Роль Вожака в «Оптимистической трагедии» была не так проста, как могло показаться вначале. Фанатизм и жестокость, тупая ограниченность были лишь половиной образа, — где-то в тайниках души прятался человек заблудший, трагический…
Борис Федорович мучался, пытаясь найти проблески человечности, маленькие неуловимые черточки совестливости в этом мрачном типе. Короче, пытался оправдать его. Именно оправдать. И наконец нашлась такая сцена — сцена казни Вожака.
Борис Федорович достигал в ней настоящих высот трагедии, — его Вожак был жалок и величествен одновременно. После приговора Борис Федорович — Вожак снимал фуражку, смотрел долго на заходящее солнце, в глазах появлялись слезы, он произносил хрипло, с тоской:
— Да здравствует революция!..
И действительно становилось жалко этого большого, запутавшегося в своей философии человека…
…Да, горько сознавать, что так рано ушел от нас Борис Андреев, ушел, не создав, не осуществив своих заветных мечтаний! Какую бы радость он доставил людям, сыграв и Тараса Бульбу, и Фальстафа, и Степного короля Лира… Но и то, что он нам оставил, — прекрасно…
С его уходом кончилась целая эпоха нашего кино, завершила свой путь блестящая триада: Алейников — Бернес — Андреев…

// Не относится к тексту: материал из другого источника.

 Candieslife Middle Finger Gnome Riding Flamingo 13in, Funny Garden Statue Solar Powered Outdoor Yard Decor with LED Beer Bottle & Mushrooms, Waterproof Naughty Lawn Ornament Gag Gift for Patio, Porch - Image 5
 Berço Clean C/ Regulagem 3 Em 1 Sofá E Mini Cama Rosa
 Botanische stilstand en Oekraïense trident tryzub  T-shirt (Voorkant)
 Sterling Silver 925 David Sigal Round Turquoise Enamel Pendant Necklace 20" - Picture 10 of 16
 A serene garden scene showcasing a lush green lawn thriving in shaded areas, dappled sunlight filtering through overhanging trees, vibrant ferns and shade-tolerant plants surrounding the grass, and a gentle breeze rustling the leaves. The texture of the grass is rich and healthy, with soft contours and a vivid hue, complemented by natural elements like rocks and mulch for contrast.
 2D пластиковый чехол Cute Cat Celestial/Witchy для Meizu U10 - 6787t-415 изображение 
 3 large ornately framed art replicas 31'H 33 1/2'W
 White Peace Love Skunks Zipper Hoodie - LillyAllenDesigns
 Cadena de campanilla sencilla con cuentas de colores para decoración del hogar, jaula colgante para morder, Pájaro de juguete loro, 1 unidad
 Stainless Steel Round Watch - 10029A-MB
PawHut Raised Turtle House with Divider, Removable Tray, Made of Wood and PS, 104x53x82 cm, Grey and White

Да, судьба улыбнулась мне в тот день, когда я встретился с Борисом Федоровичем Андреевым.
Это было счастливое время.
ДМИТРИЙ ШАЦИЛЛО
ТЕЛЕВИЗИОННЫЙ БЕНЕФИС
Картина «Ночной звонок» была поставлена по одноименному рассказу Федора Кнорре, опубликованному когда-то в журнале «Юность». Рассказ хорош, но объяснить успех фильма одной лишь добротностью драматургической основы было бы неверно. Главная причина удачи экранизации В. Квачадзе мне видится в выборе актеров.

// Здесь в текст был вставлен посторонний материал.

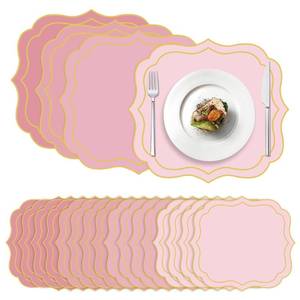 lot 2016 image: Stuffygreenus 100 Pcs Pink Paper Placemats 13.4 x 12 Inch Disposable Scalloped Paper Placemats Decorative Place Mat for Wedding Baby Shower Banquet Party Holiday Table Decor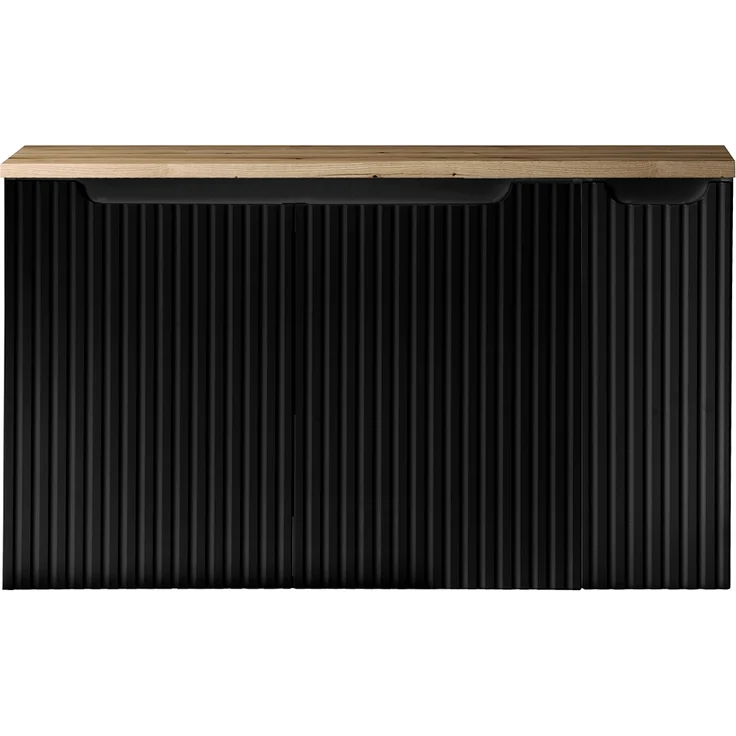 Waschtisch-Unterschrank 100cm, in schwarz mit Eiche, NEWPORT-56-BLACK – Bild 1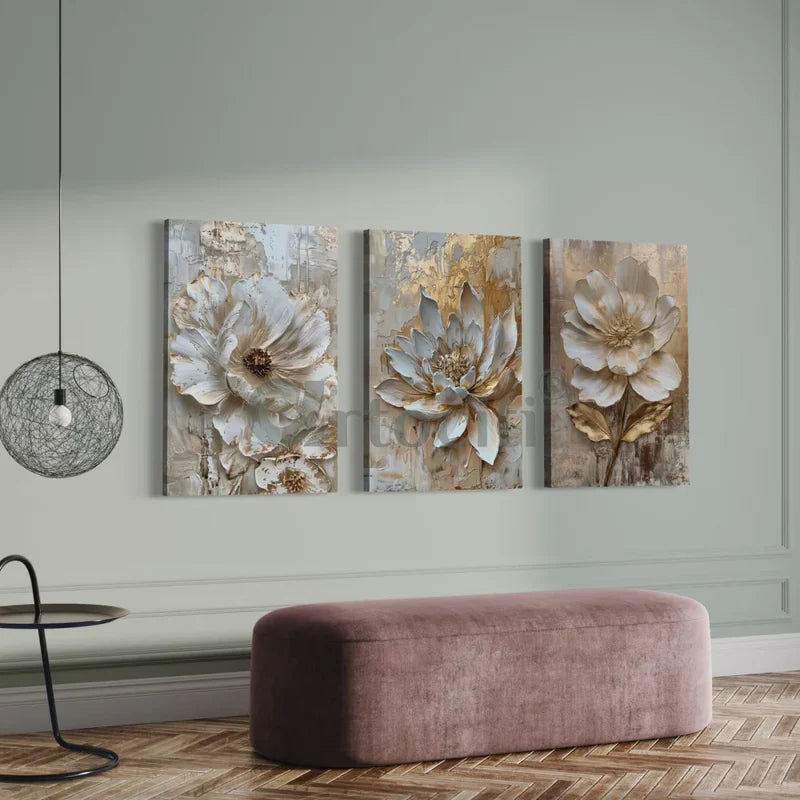 Set of 3 Golden Grey Floral Abstract Canvas Giclee Prints
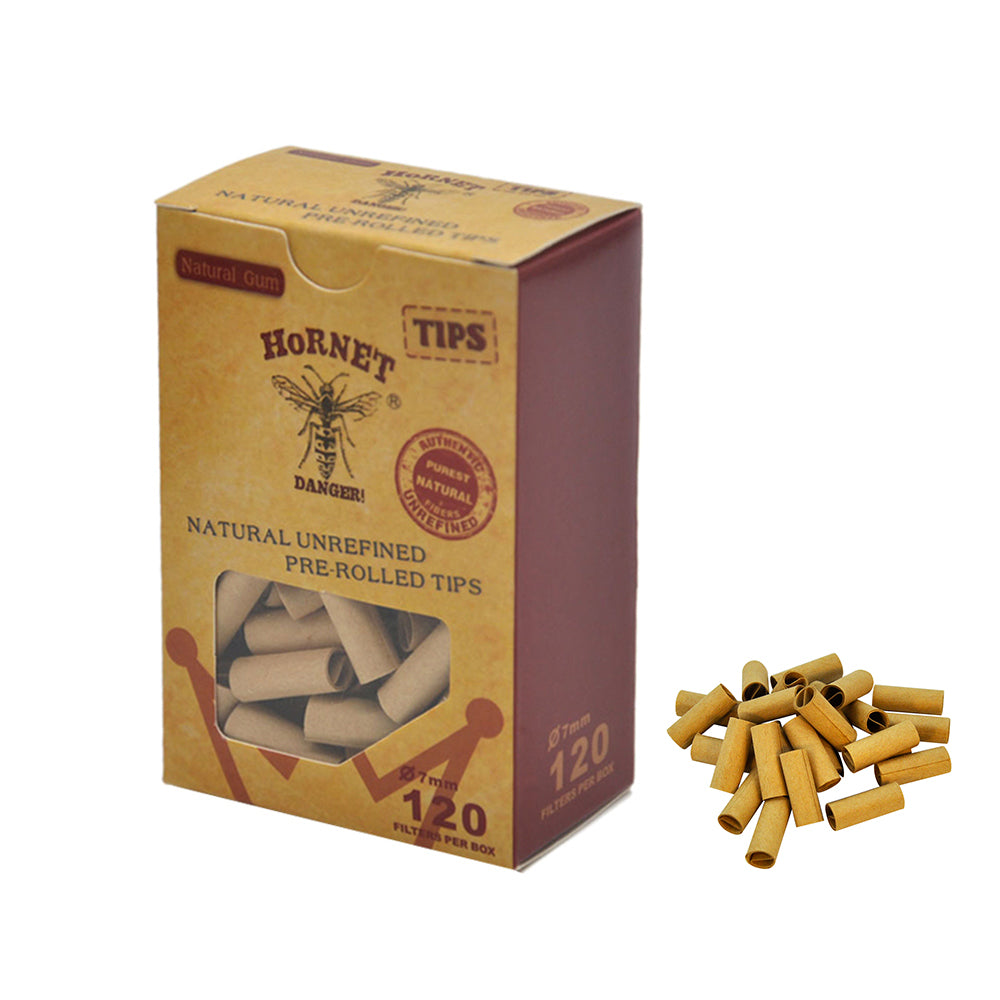 HORNET Ø 7 Pre Rolled Tips, Brown Organic Cigarette Rolled Tips, 120 Tips / Pack 12 Packs / Box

Говорят: «актер — это роль». Между тем бывают случаи, когда роль перерастает рамки сюжета, обретает неожиданно широкие нравственные и художественные горизонты благодаря таланту, мастерству актера. Перед нами такой случай. Именно об исполнении Марецкой и Андреева стоит прежде всего говорить, рассматривая телефильм «Ночной звонок».

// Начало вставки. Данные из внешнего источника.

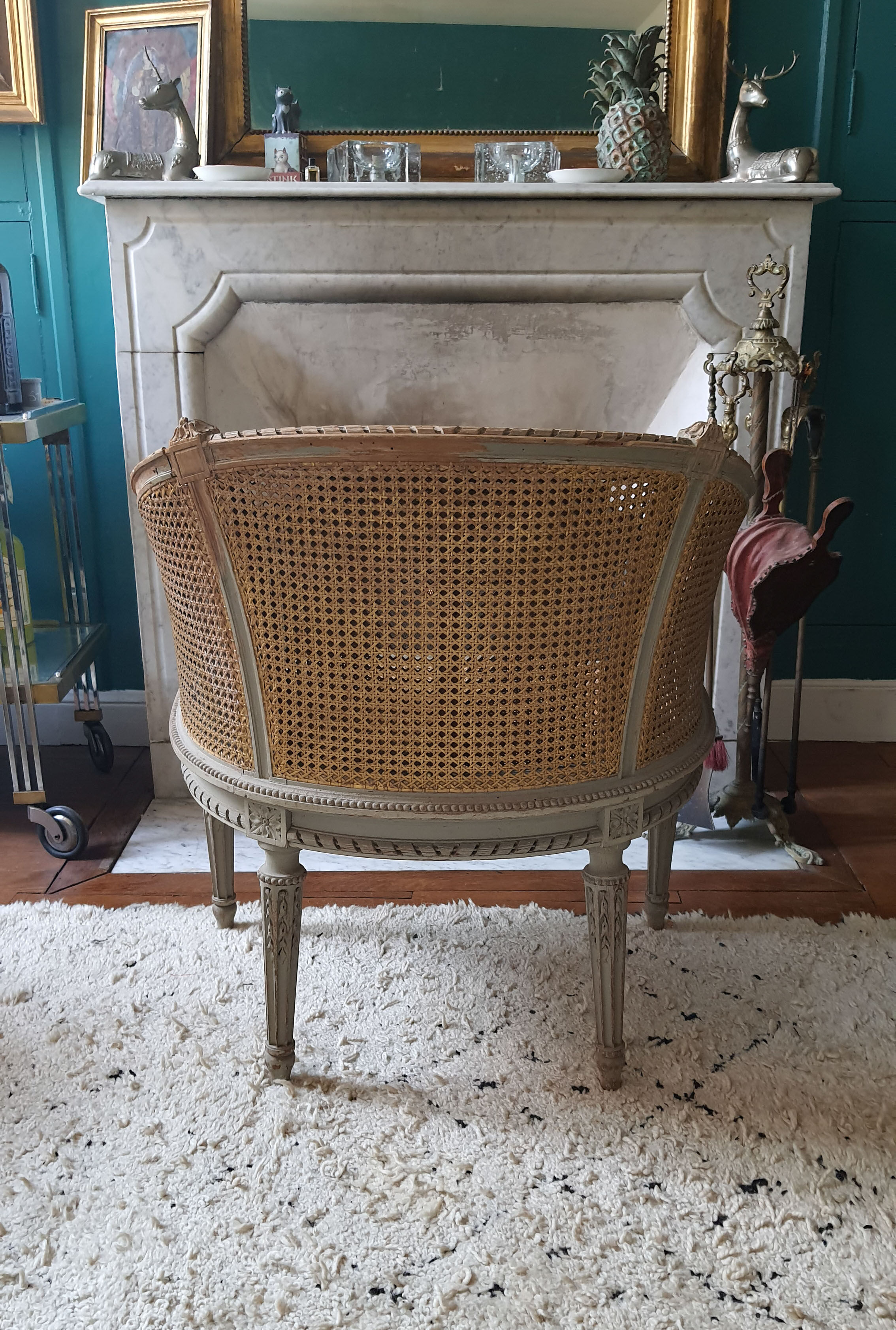 Bergere Louis XVI in wood and double canning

Итак, Борис Андреев — Лаврентий Квашнин (нарушим правила галантности — с его появления в кадре начинается фильм, и он почти не сходит с экрана). На протяжении семи частей фильма его участие в действии состоит преимущественно в том, что он бросает отрывистые реплики, с угрюмой задумчивостью сидит в машине, приехав к матери, выступает с застольными тостами… Выходит — резонер? Вовсе нет. Квашнин из породы так называемых «деловых мужиков», человек с трудным, отнюдь не «золотым» характером. Он знает, чего хочет от жизни, умеет добиваться своей цели. Присмотревшись к Квашнину, мы увидим внутренне напряженную, сосредоточенную личность. Чрезвычайно к месту оказались поэтому знаменитая властность и неодолимая крутость андреевских интонаций, беспокойная грузность его богатырской фигуры. Только порой мы замечаем, что властность оборачивается неуверенностью и смятением, а за крутостью просвечивают раздражение и усталость. Персонаж Андреева подкупает неоднокрасочностью и непрямолинейностью. Квашнин показан Андреевым на срезе кризисного состояния души, в момент мучительного и неведомого в своем исходе процесса переоценки жизненных ценностей и ориентиров. Словно начал он улавливать разницу между подлинными и мнимыми ценностями своего бытия. Актер пристально и беспощадно анализирует душевные качества своего героя и вместе с тем намечает возможности преображения его натуры.